Cesar Fernandez was born in Asturias (Northern Spain), an enclave of beauty charged with traditions, human warmth, spectacular landscapes and vernacular architecture. From his childhood, Fernandez inherited a profound connection to the ocean, and the hand-spinning and knotting gestures taught by his grandfather when fishing, a practice rooted into local culture of this region bordered by the Cantabrian Sea.
Fernandez then grew up in the skateboarding and surfing culture, revolving around the search of flow. His penchant for arts was early on impacted by architecture - Frei Otto and Calatrava - and sculpture - Jorge de Oteiza. All the way, nature remained his main source of inspiration: “Nature has a lot of knowledge, just sit and listen, you will learn a lot.”
His passion for surfing and appreciation for the soul-soothing balinese culture led him to move to the “Island of Gods” in 2009. From there, he delved deeper into his artistic practice, which seamlessly bridges visual and philosophical concepts. He also became a father, the most transformative event of his life, which benevolence pours out of his genuine and generous character.
Cesar Fernandez operates from an expressly minimalist and abstract sensibility.
His work is a profound exploration of the relationship between the void and the matter, and its perception: while Western views see the void as a mere absence of matter, Eastern philosophies view it as a transformative force. Always drawn to scratch beneath the surface to tap into the essence, Fernandez interrogates these dichotomies, from a philosophical, geometrical and metaphysical perspective.
Two decades of constant experimentation result in a substantial body of work spanning from canvas, sculpture and monumental installations, with an intention of transcendence:
“You know you completed your creative endeavor when the work you hold in your hands has a soul of its own.”
Cesar Fernandez plays with symmetries and tensions to masterfully bend the space-time continuum.

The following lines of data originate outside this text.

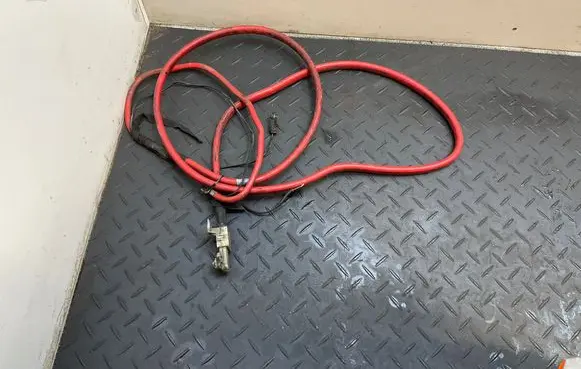 BMW 5 E60 E61 Positive cable (battery) 9176949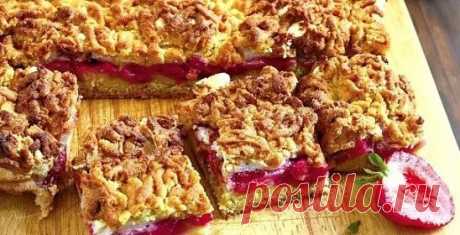 Если вы хотите испечь пирог, но не знаете какой - делайте этот. Очень вкусный тертый пирог-печенье
Тертый пирог с клубничным наполнителем понравится не только вам, но и вашим гостям.
Песочное тесто и ароматный клубничный джем - одно из лучших сочетаний!
Ингредиенты:
Яйцо – 2 шт;
Мука – 500 гр;
Сливочное масло – 200 гр;
Сахар – 250 гр;
Разрыхлитель – 1 чайная ложка;
Клубничный джем – 200 гр;
Ванилин – половина чайной ложки.
Процесс приготовления:
1. Делаем песочное тесто для пирога: р
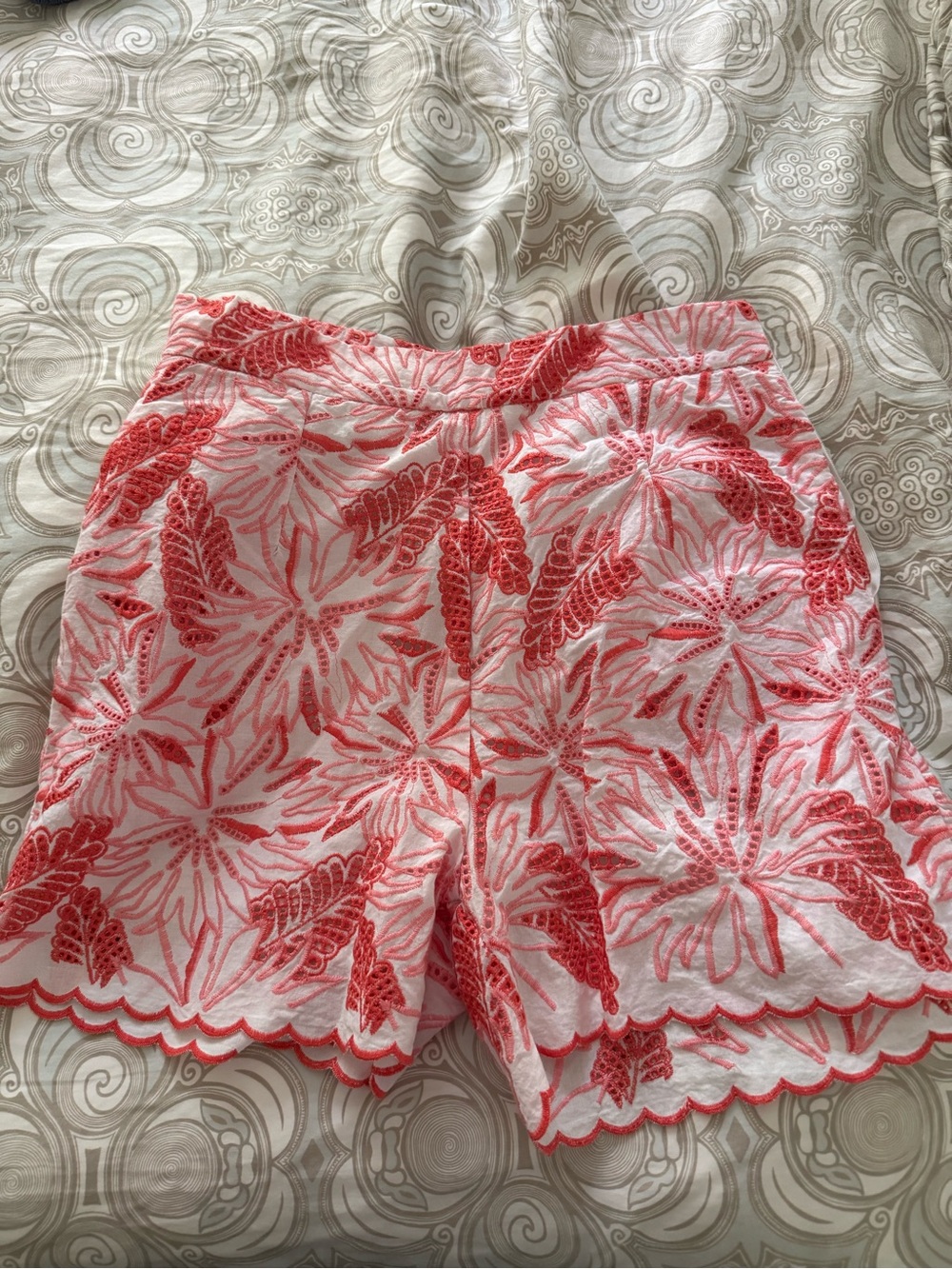 Like new BTFL-life pink embroidered shorts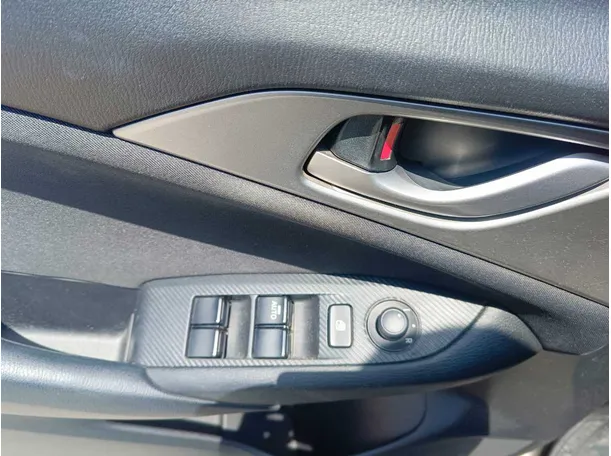 Car image 30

Evocation of his personal story, he affectionates materials such as copper, hand-spun thread and resin, which he delicately arranges on canvases, seamlessly transitioning from two-dimensional to three-dimensional forms.
By employing minimalistic lines, geometrical precision and space intuition, the artist is capable of shaping visual statements that linger on the edge: the works oscillate between presence and absence, the seen and the unseen, suggesting materiality and void.
Each piece invites the viewer to connect emotionally and intellectually, transmuting the void into a gateway to explore the essence of existence.